Pre-loaded inputs. All dependencies are bundled with the source archive and loaded into the TEE before it boots. The inputs are measured as part of the initial TEE state. This approach eliminates network trust during the build entirely, at the cost of larger input bundles. The measurement includes not just Kettle but the specific inputs, providing stronger binding.
Either way, Kettle verifies that the loaded inputs match the manifest's Merkle root. If anything doesn't match, the build fails.
TEE Attestation
Once the environment is set up and inputs are loaded, the TEE generates an attestation report. This report contains:
- The cumulative measurement (what was loaded)
- Platform information (CPU model, firmware version, security features)
- A hash of the manifest in the report's custom data field
- A signature from a key that only the CPU can access
The signature chains to the CPU vendor's root certificate. A verifier can confirm: "This report was generated by genuine hardware running a TEE with this measurement, and it was loaded with inputs matching this manifest."

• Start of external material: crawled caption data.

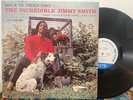 THE INCREDIBLE JIMMY SMITH back at the chicken shack BLUE NOTE LP jazz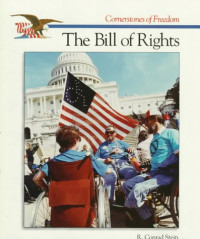 Cornerstones of freedom : The bill of rights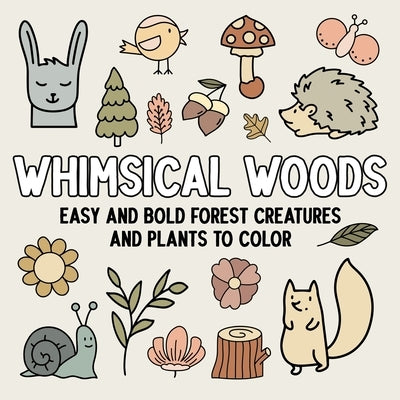 Whimsical Woods: Easy and Bold Forest Creatures and Plants to Color by Hue Coloring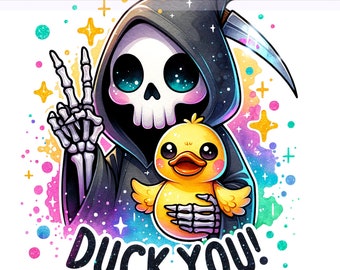 Funny Duck You PNG, I Don't Give a Duck Png, Duck png, Duck You Clipart, Grim Reaper Duck Clipart, Sublimation Design, PNG Digital Download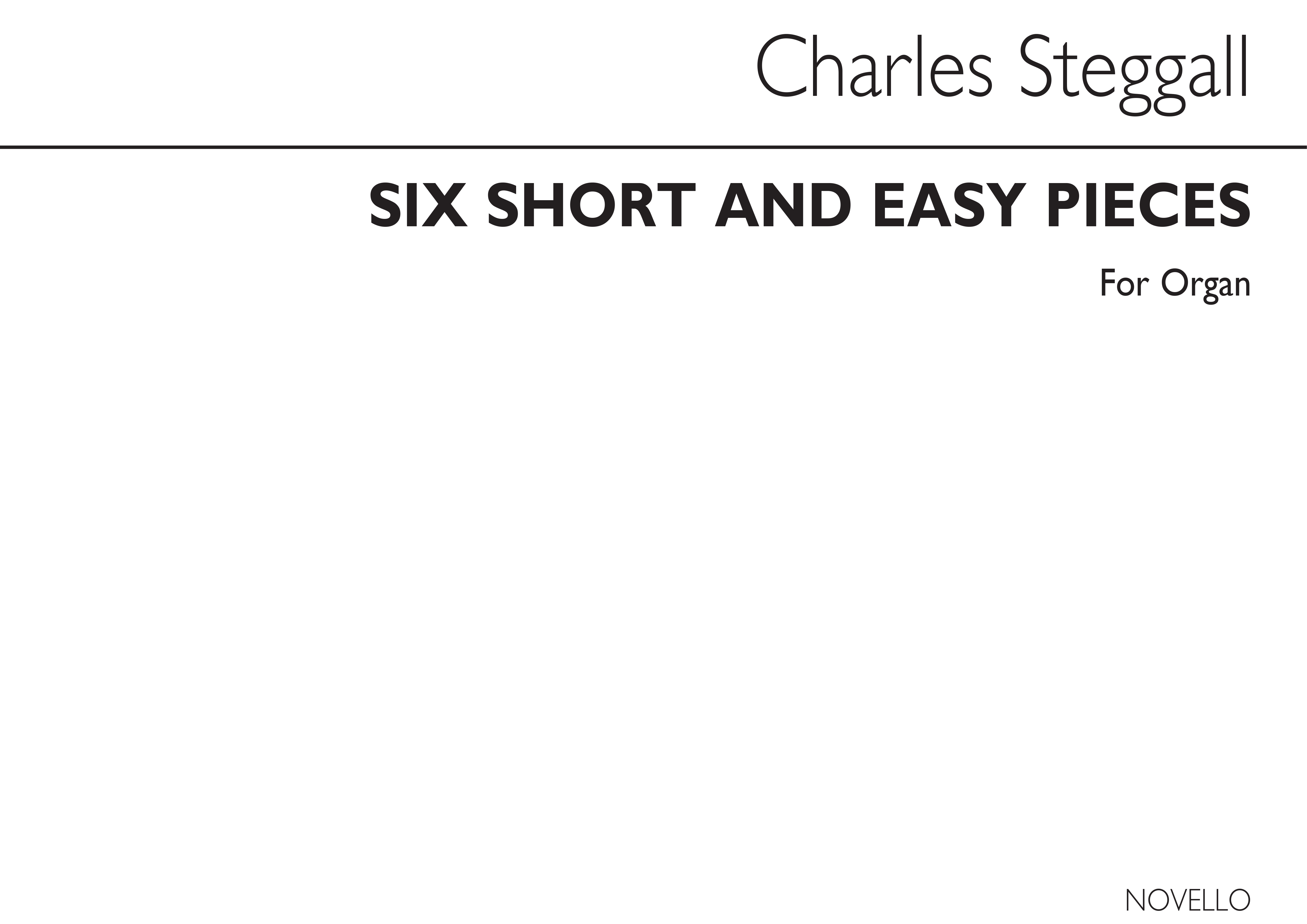 Charles Steggall: Six Short And Easy Pieces -: Organ: Instrumental Album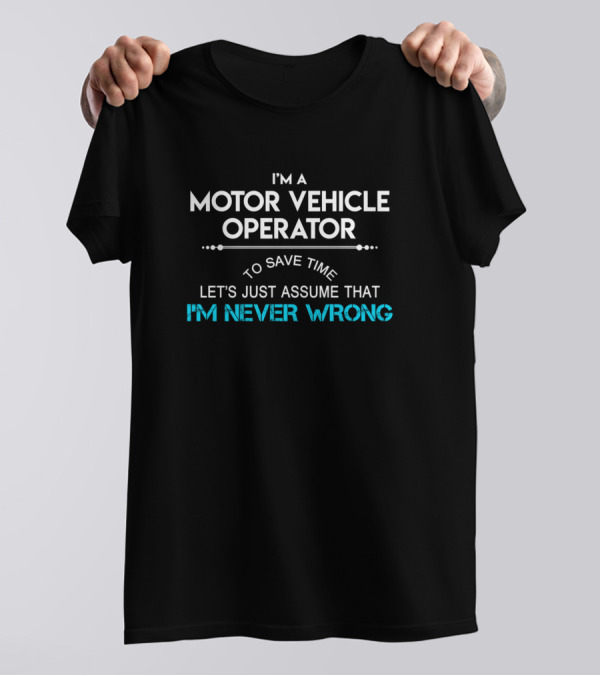 I'm A Motor Vehicle Operator Let's Just Assume That I'm Never Wrong T-Shirt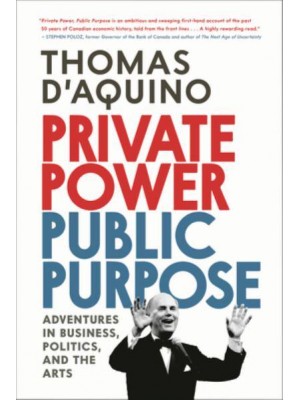 Private Power, Public Purpose Adventures in Business, Politics, and the Arts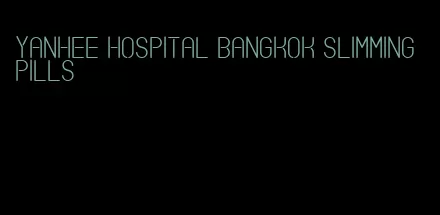 yanhee hospital Bangkok slimming pills
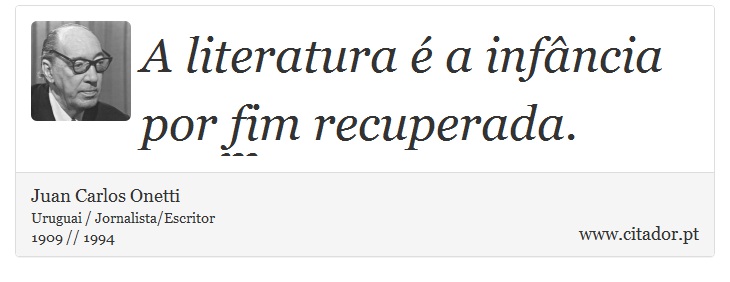 A literatura é a infância por fim recuperada. - Juan Carlos Onetti - Frases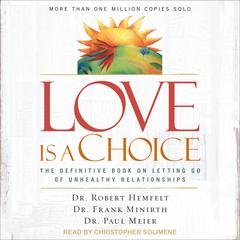 Love Is a Choice: The Definitive Book on Letting Go of Unhealthy Relationships Audiobook, by Robert Hemfelt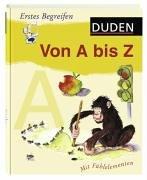 Duden - Erstes Begreifen. Von A bis Z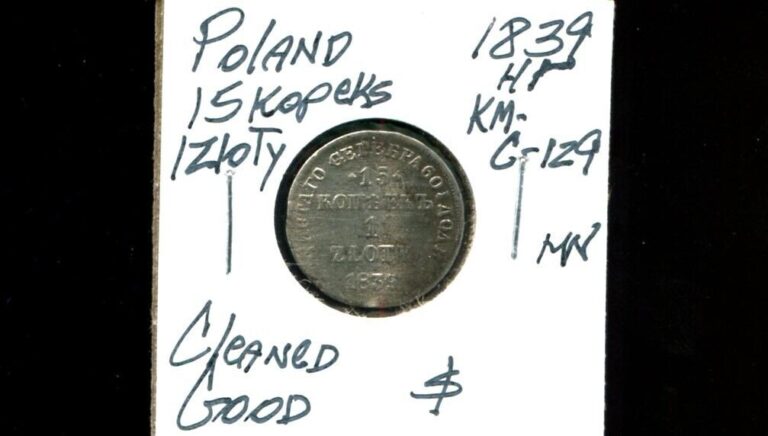 Read more about the article POLAND 15 Kopeks / 1 Zloty C-129  1839 silver coin in cleaned Good  Scarce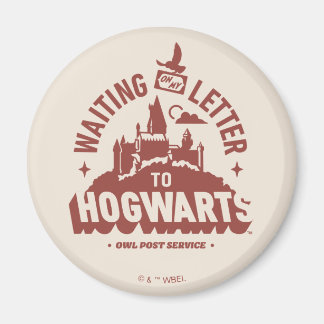 Väntar på mitt brev till HOGWARTS™ Magnet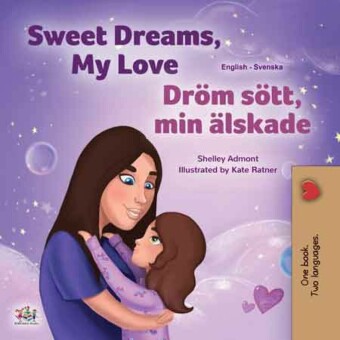 Sweet Dreams, My Love Dröm sött, min älskade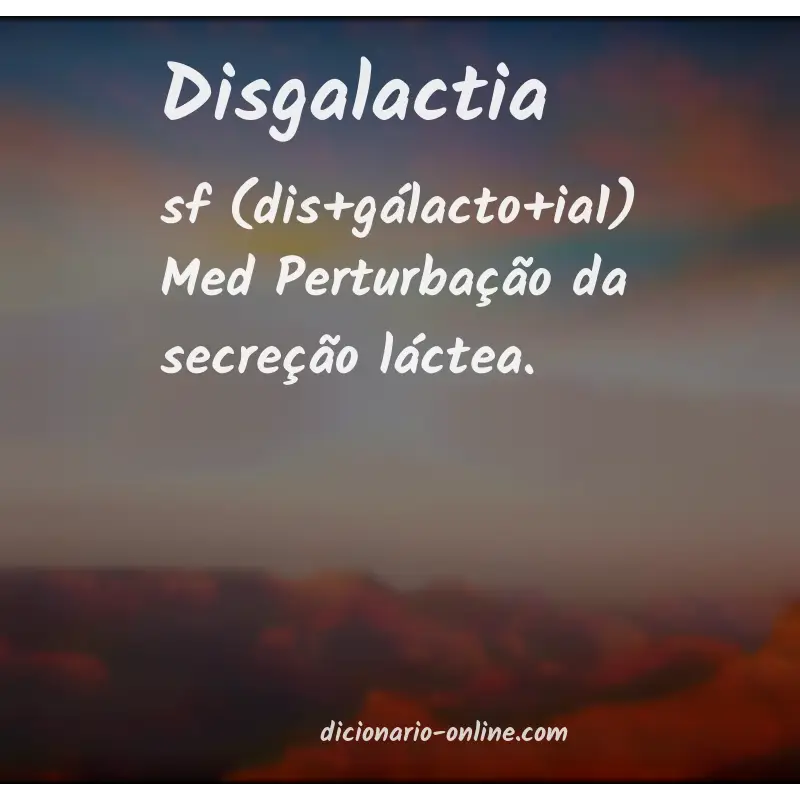 Significado de disgalactia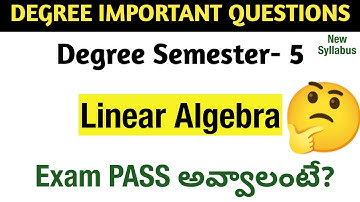 Degree Semester 5 - Linear Algebra Most Important Questions UNIT-WISE How to PASS Maths Exam UG 2025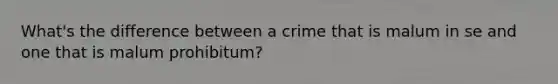 What's the difference between a crime that is malum in se and one that is malum prohibitum?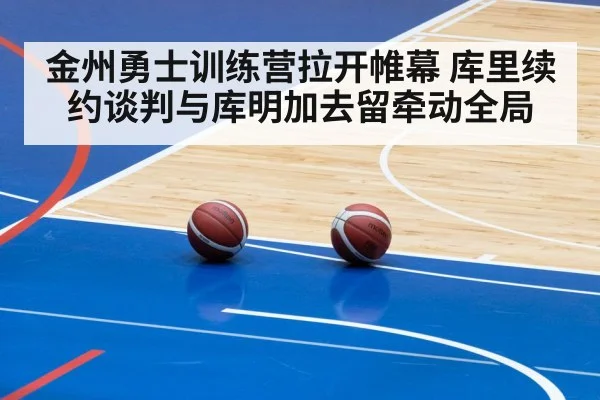 金州勇士训练营拉开帷幕 库里续约谈判与库明加去留牵动全局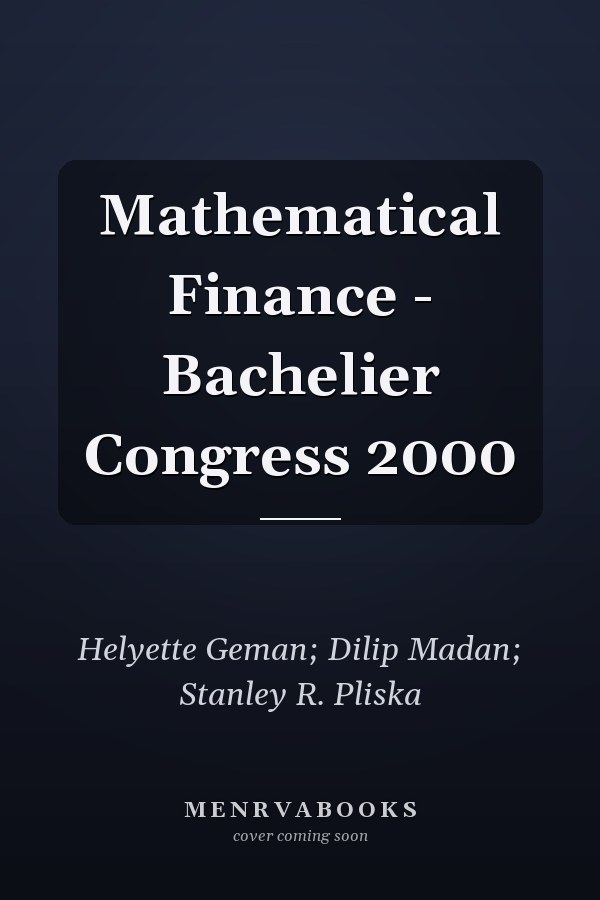 Mathematical Finance - Bachelier Congress 2000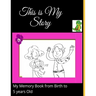 This is my Story-My Memory Book from Birth to 5 years Old: A Beautiful Baby Memory book and Journal from the Birth to five years Old-A book with elega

This is the bridge between software claims and hardware proof. The manifest says "these inputs should be used." The attestation proves "these inputs were loaded into this measured environment."
Phase 3: Build Execution and Signing
The build runs inside the isolated TEE using the verified inputs.
Executing the Build
Kettle invokes the build toolchain according to the manifest's build configuration. The compilation, linking, and packaging happen normally. Kettle doesn't modify the build process; it wraps it in a verified, isolated environment.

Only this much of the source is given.